Олег КАММАРЗАТИ. Дуальный культ

В осетинском религиозном пантеоне видную роль играет культ Уастырджи. Его имя состоит из элементов “Уац” – “святой” и “Герги” -“Георгий”. Имя Георгий было заимствовано, наряду с наименованием его праздника – Джеорг-оба, из Грузии, по определению В. И. Абаева, в мегрельской форме (в период проникновения православного христианства на территорию средневековой Алании). В самой Грузии этот христианский святой пользовался особым почетом, в силу чего Грузия в некоторых зарубежных странах прозвана “Георгия”, “Георгика”.

При исследовании генезиса культа Уастырджи мы сталкиваемся с характерным для политеистических религий процессом, когда к первоначальному мифологическому ядру добавляются со временем новые функции (в частности, по Абаеву, фандагсар – “покровитель пути”) и атрибуты, которые вуалируют предшествующее состояние исследуемого образа.

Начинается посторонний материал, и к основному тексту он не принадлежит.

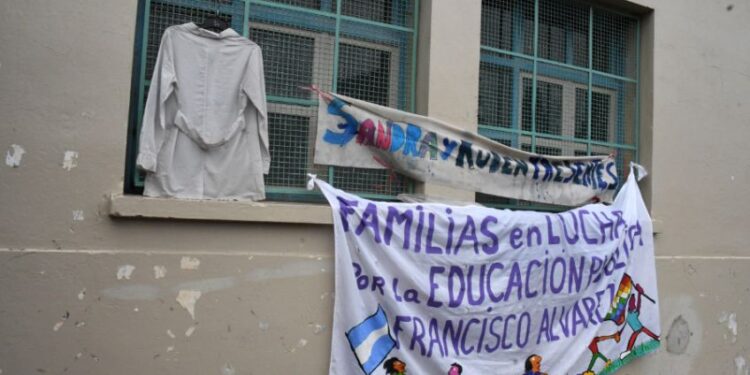 Comienza juicio por muertes de vicedirectora y auxiliar en explosión en escuela de Moreno en 2018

В наше время номинацией “Уастырджи” стали также часто обозначать святилище вообще, вытесняя в этом отношении предыдущее обозначение “дзуар”.

В традиционной религии осетин это божество прошло лишь ономастическую христианизацию, сохранив, однако, свои общие функции. В астральной сфере эпитеты Уастырджи “крылатый” – базырджын, “золотой” -сызгъарин (он как бы весь пропитан этой субстанцией), “золотоголосый” – “сызгъарин хъалъасджын”, “золоторукий” – “сызгъарин къухджын”, -дают внешнее описание его облика. В этот ряд можно поставить и культ святилища “сызгъарин дзуар” с характерным для него приношением металлических фигурок баранов – животного с типичной солярной символикой. Опираясь на эти факты, В. И. Абаев назвал “Уастырджи … слегка охристианизированным образом старого солнечного божества осетин”.

Солнечный культ был примечательной чертой индоиранских народов. Для племен скифского круга примечательно следующее описание Геродота: “Из богов чтут только Солнце”. Армянский поэт 13 века Фрик пишет: “алан, что Солнце чтит”.

Другая сторона облика Уастырджи – его роль в общественной жизни. В характеристике В. Ф. Миллера он назван “бичом воров, мошенников, убийц, клятвопреступников и покровителем честных людей”. Иными словами, Уастырджи патронирует правовым и договорным отношениями в социуме. Так, пользовавшаяся высшим авторитетом площадка для Ныхаса (вече) Мадизан у села Дагом, высшая судебная инстанция всех осетинских (как иронских, так и дигорских) обществ, имела своим покровителем Уастырджи. Его именем приносились клятвы (Уастырджистан) и присяги. В этнографических материалах Е. Бараковой сообщается: “Ард хордтой Уастырджийы бын. Хъауы иу исты искамай куы фесафт, уад иу уый арамбырд jndr` хъауы сегасы ама иу сын загъта: “На уыл аууандын ама цъынды радтут. Уад иу алчи дар радта цъынды ама иу са нывардтой Уастырджийы бын. Уый фаста иу зарадтай исчи загътаид: “Уа Уастырджи, мах таригъадай йа фесаф, мах ардам чи цауын каны, уый”.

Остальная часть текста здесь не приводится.